* [WHAT THE TASK REQUIRES]:
The material below is to be copied exactly from the line with "Ein Bett oder" up to and including the line with "Adaptive athlete in", with nothing else kept and no pictures.

* [EXERCISE DATA]:
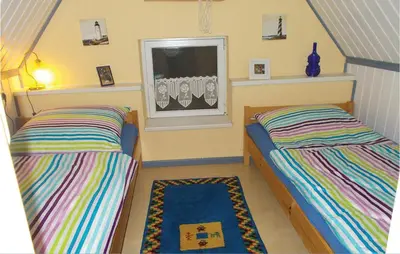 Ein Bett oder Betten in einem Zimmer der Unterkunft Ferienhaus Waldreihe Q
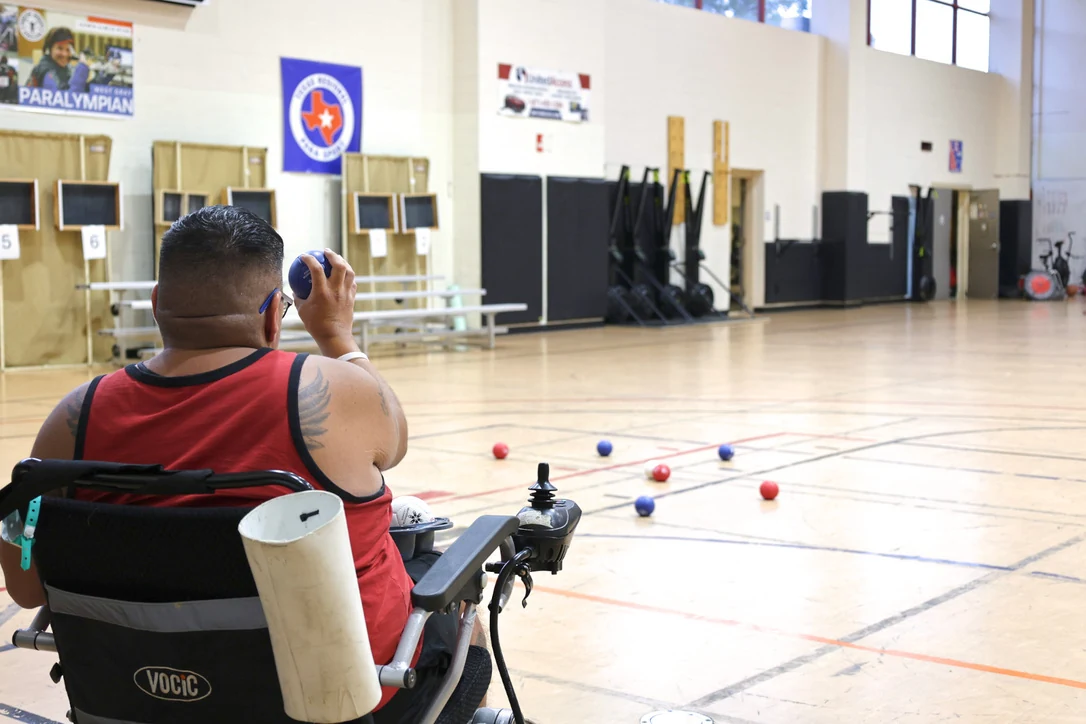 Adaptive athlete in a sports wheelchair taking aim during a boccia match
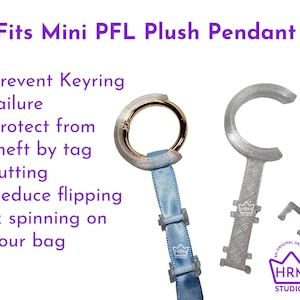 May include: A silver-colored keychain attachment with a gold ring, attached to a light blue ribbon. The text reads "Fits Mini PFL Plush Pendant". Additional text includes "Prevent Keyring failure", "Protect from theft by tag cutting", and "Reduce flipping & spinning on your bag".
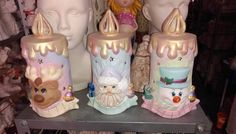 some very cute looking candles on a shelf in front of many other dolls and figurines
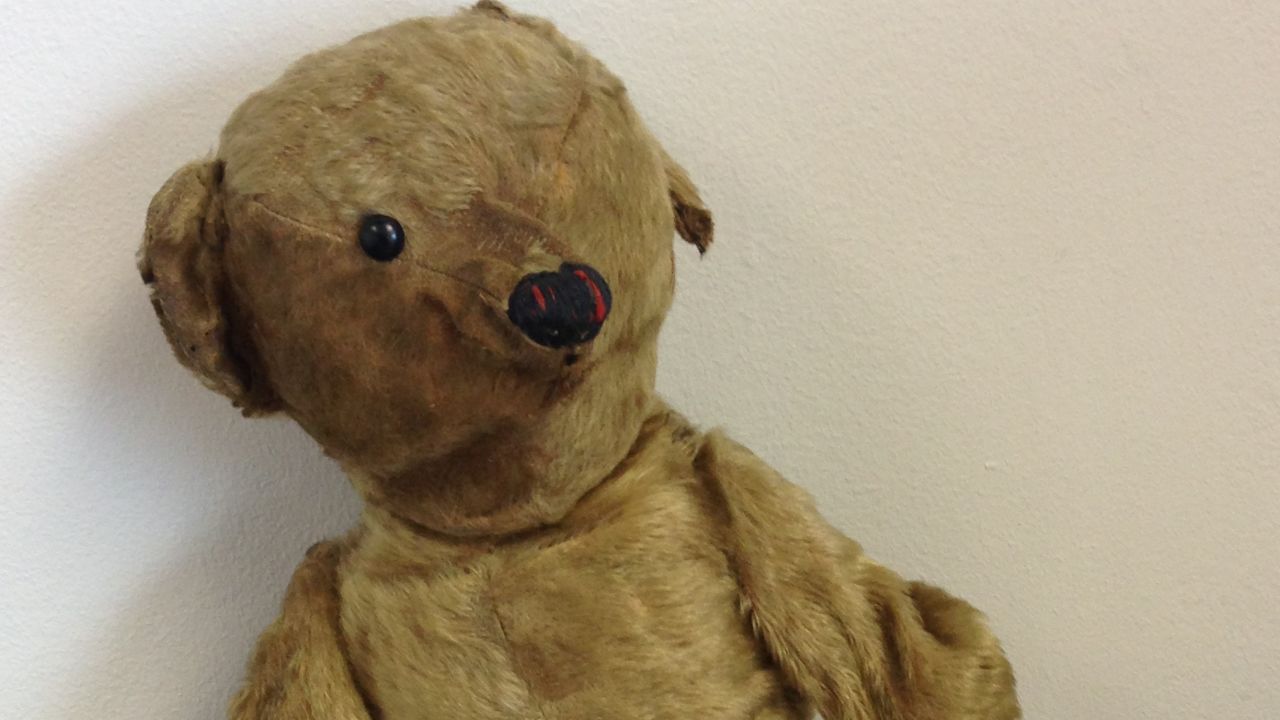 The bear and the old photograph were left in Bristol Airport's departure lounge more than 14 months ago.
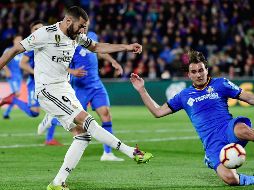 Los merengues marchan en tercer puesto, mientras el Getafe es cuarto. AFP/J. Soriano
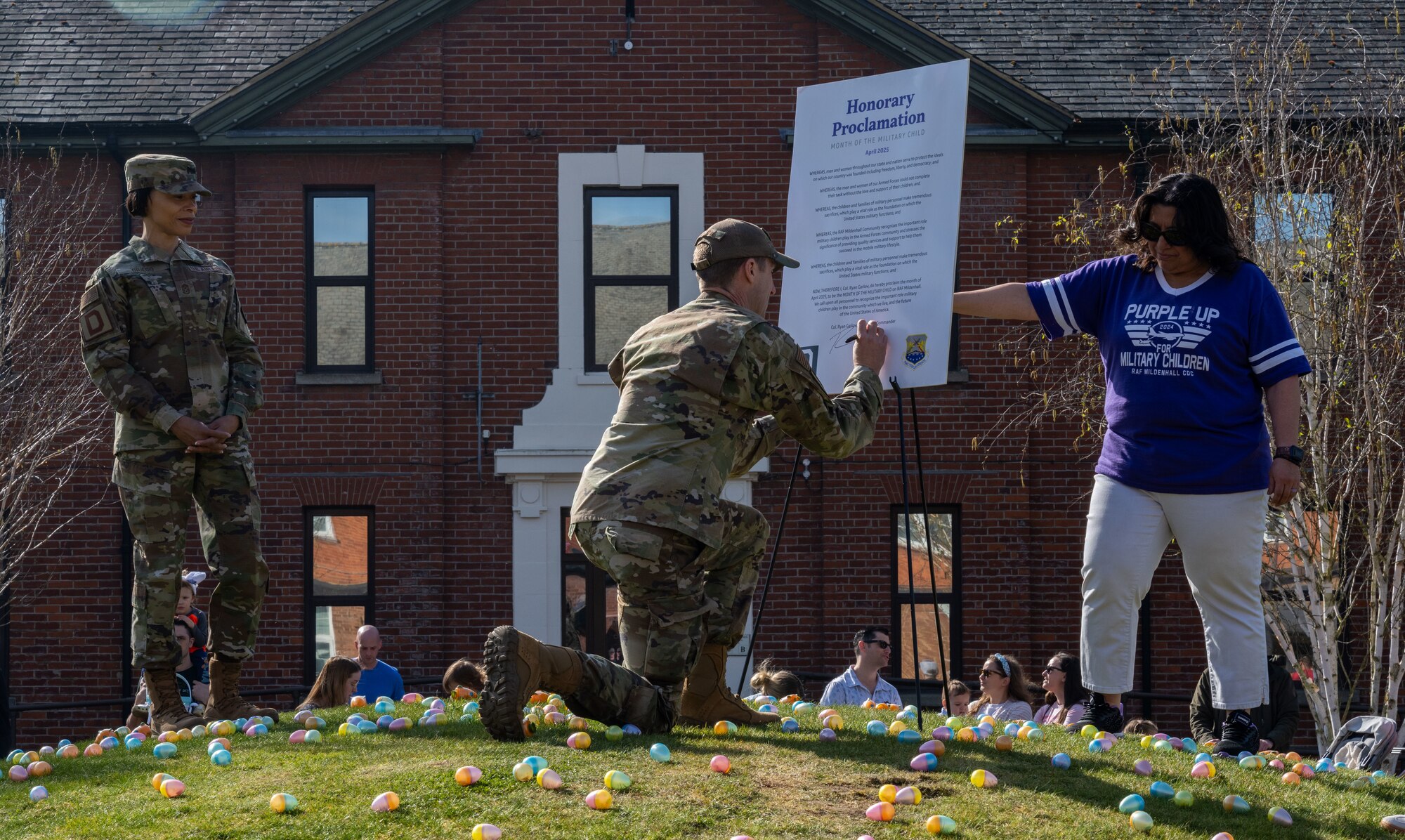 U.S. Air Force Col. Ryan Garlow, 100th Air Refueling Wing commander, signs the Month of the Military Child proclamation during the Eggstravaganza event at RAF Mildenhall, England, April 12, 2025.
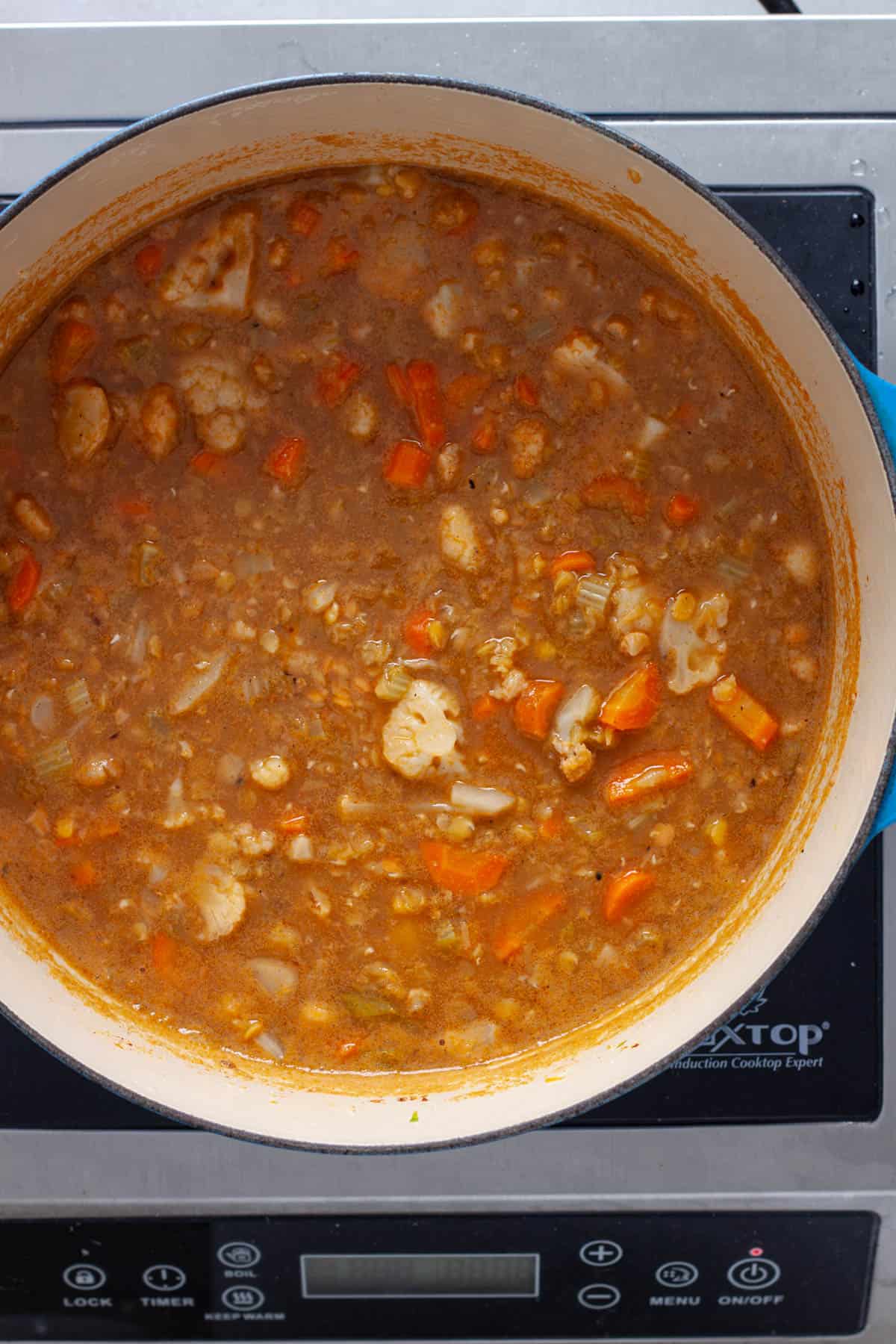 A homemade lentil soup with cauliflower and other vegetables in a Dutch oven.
...
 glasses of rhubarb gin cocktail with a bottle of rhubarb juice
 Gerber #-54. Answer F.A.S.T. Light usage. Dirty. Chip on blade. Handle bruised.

* [EXERCISE RESULT]:
 Ein Bett oder Betten in einem Zimmer der Unterkunft Ferienhaus Waldreihe Q
 Adaptive athlete in a sports wheelchair taking aim during a boccia match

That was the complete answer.